** EXCERPTED DATA follows **
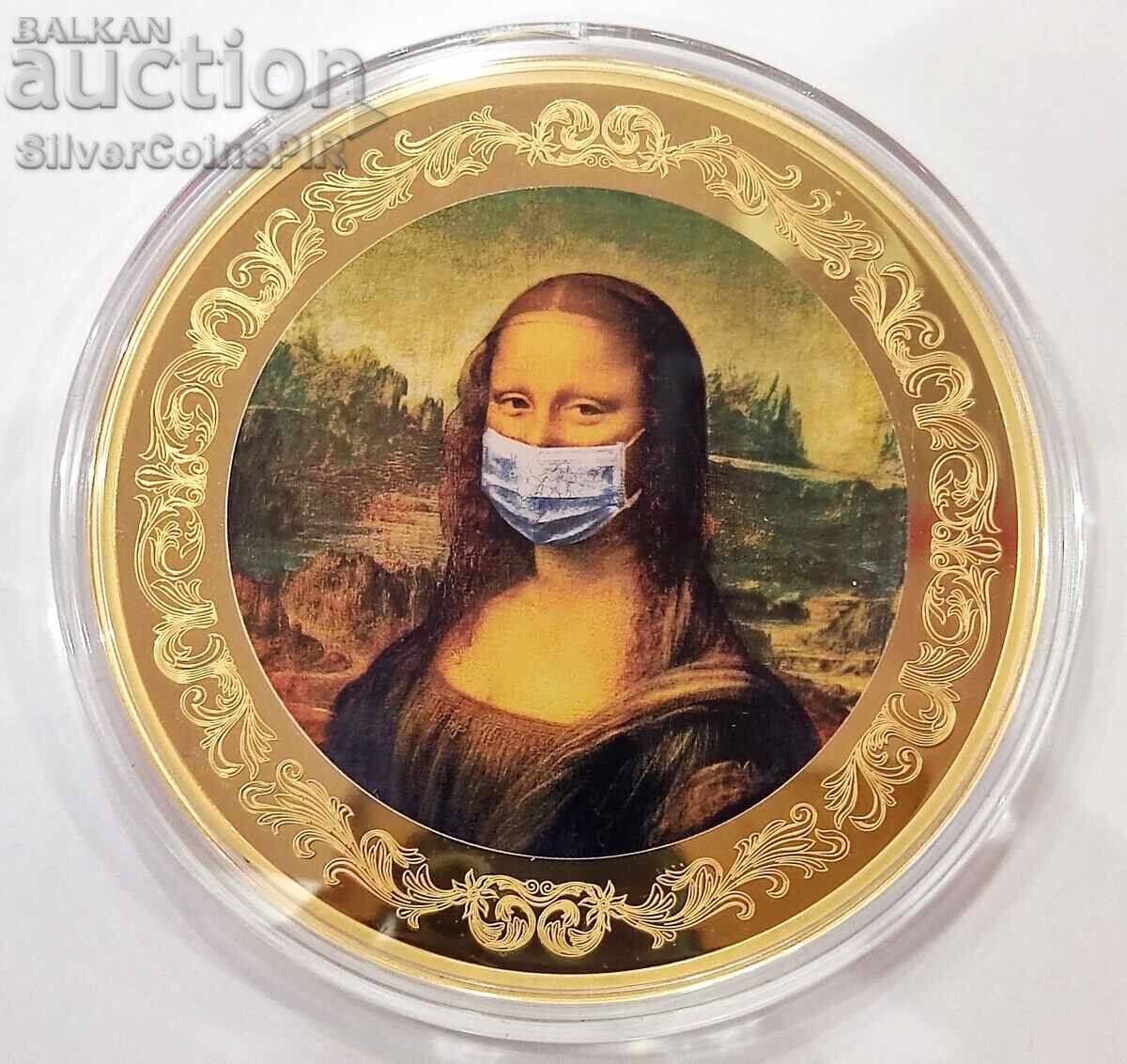 Argint 1 oz Mona Lisa 2023 Artă Pandemică Ciad Argint 1 oz Mona Lisa 2023 Artă Pandemică Ciad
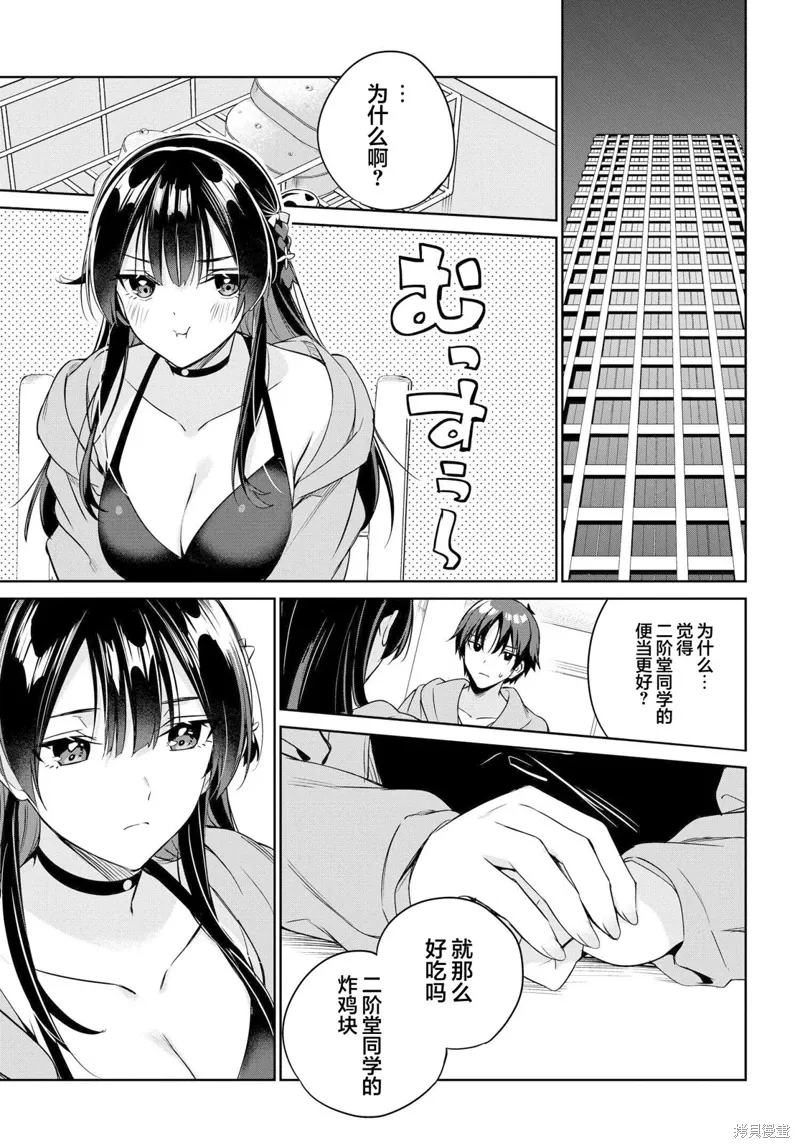 第14话 第25页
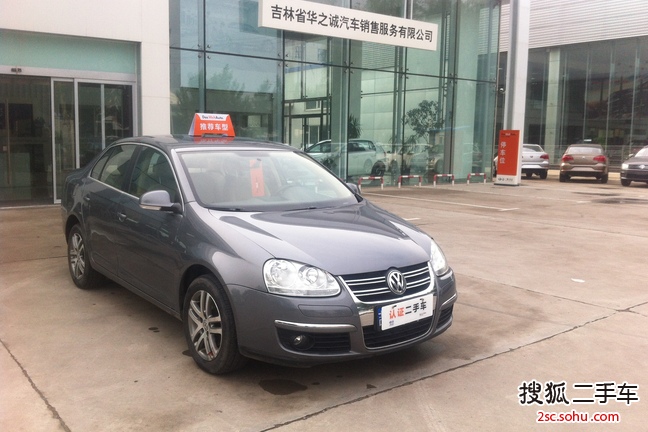 大众速腾2008款1.6L 手动 舒适型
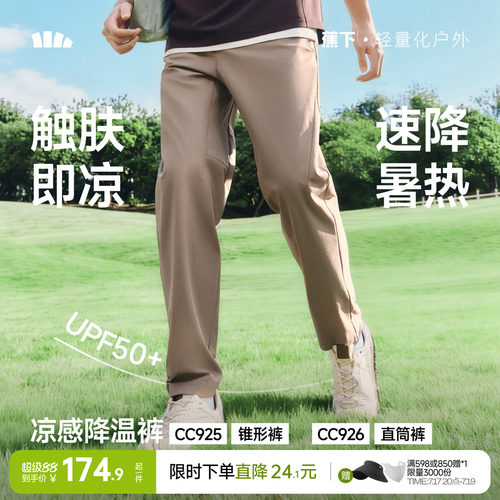 蕉下男士运动长裤凉感宽松速干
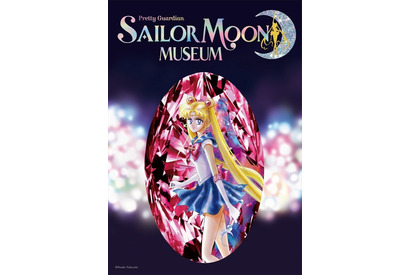 展覧会「セーラームーン ミュージアム」7月より開催 過去最多の600点を超える秘蔵資料も 画像
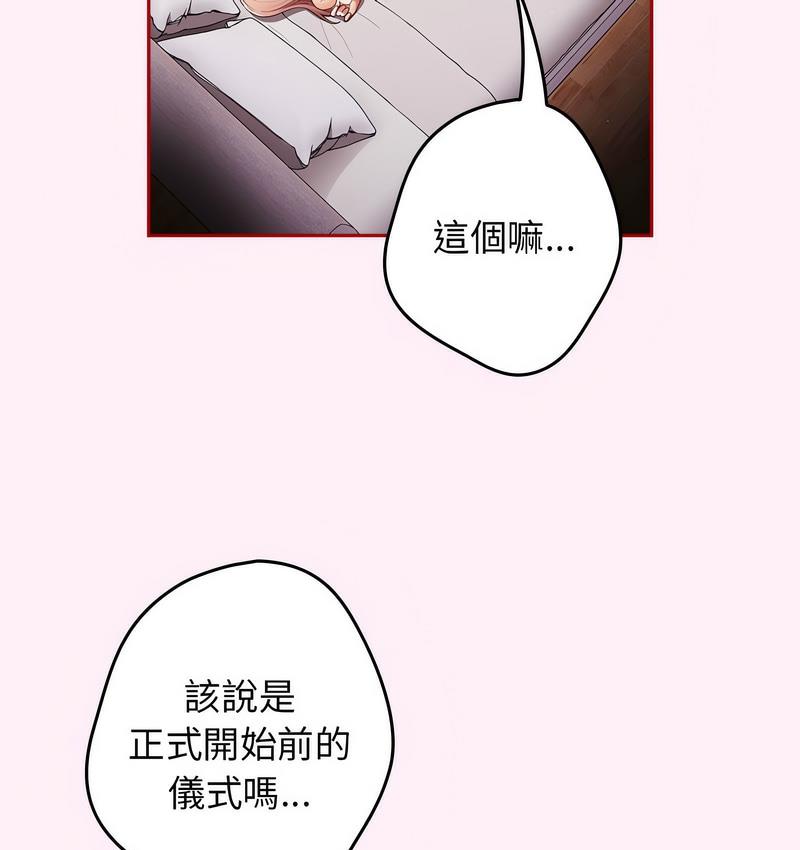 游戏不能这样玩第46話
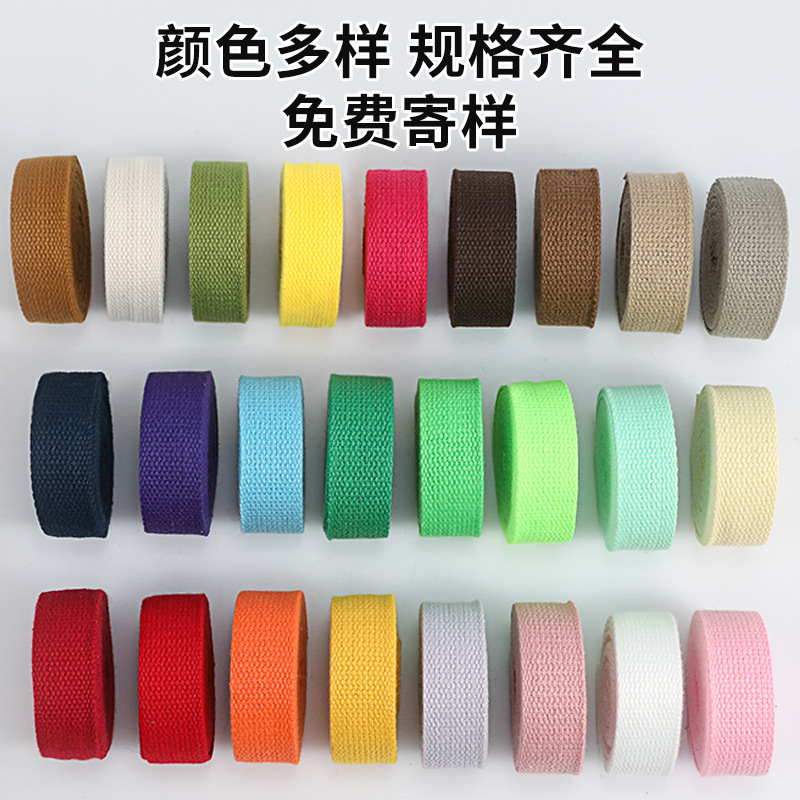 厂家现货涤棉织带帆布带辅料仿棉珠纹织带涤棉织带人字包带包边条
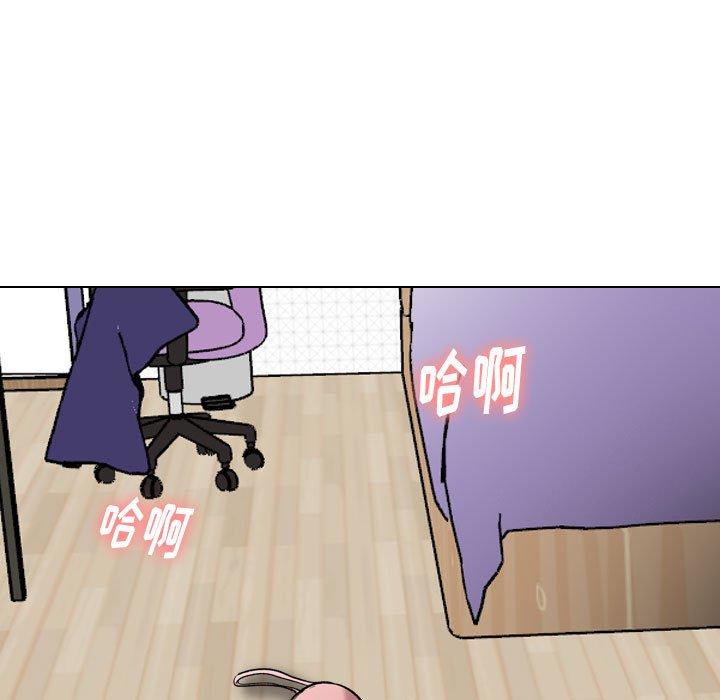 5P - 挚友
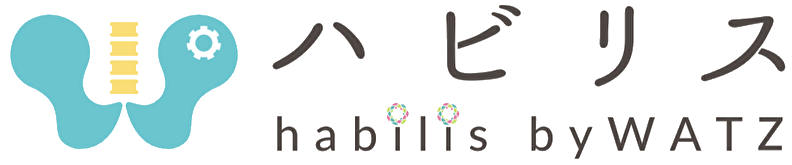 ハビリス habilis by WATZ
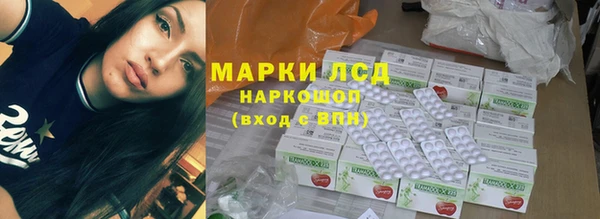 мяу мяу кристалл Нязепетровск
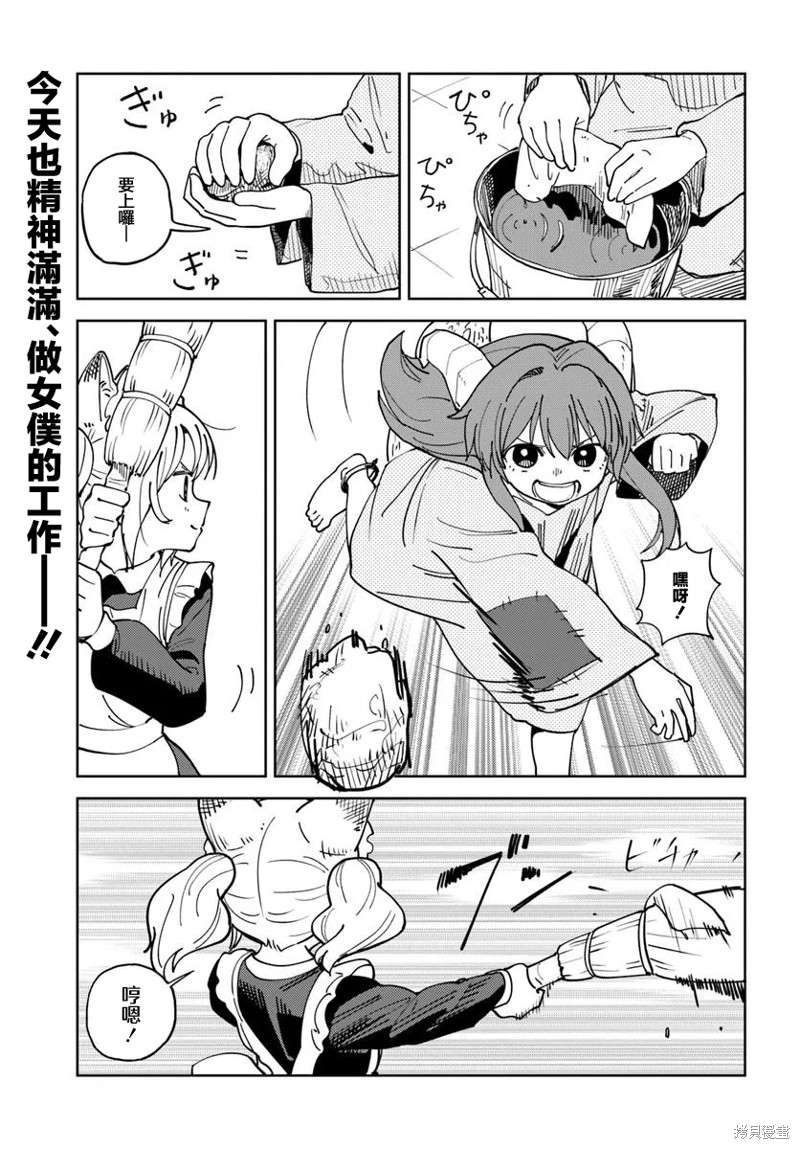 有没有人、请买下剩余的女仆吧！漫画3.1话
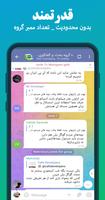 مونوگرام طلایی скриншот 1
** End of EXCERPTED DATA **
[DESCRIPTION OF THE TASK]:
From the line that contains "厂家现货涤棉织带帆布带辅料仿棉珠纹织带涤棉织带人字包带包边条" to the final line of the material, write out each line exactly. Pictures stay out.

[ANSWER]:
 厂家现货涤棉织带帆布带辅料仿棉珠纹织带涤棉织带人字包带包边条
 5P - 挚友
 ハビリス habilis by WATZ
 мяу мяу кристалл Нязепетровск
 有没有人、请买下剩余的女仆吧！漫画3.1话
 مونوگرام طلایی скриншот 1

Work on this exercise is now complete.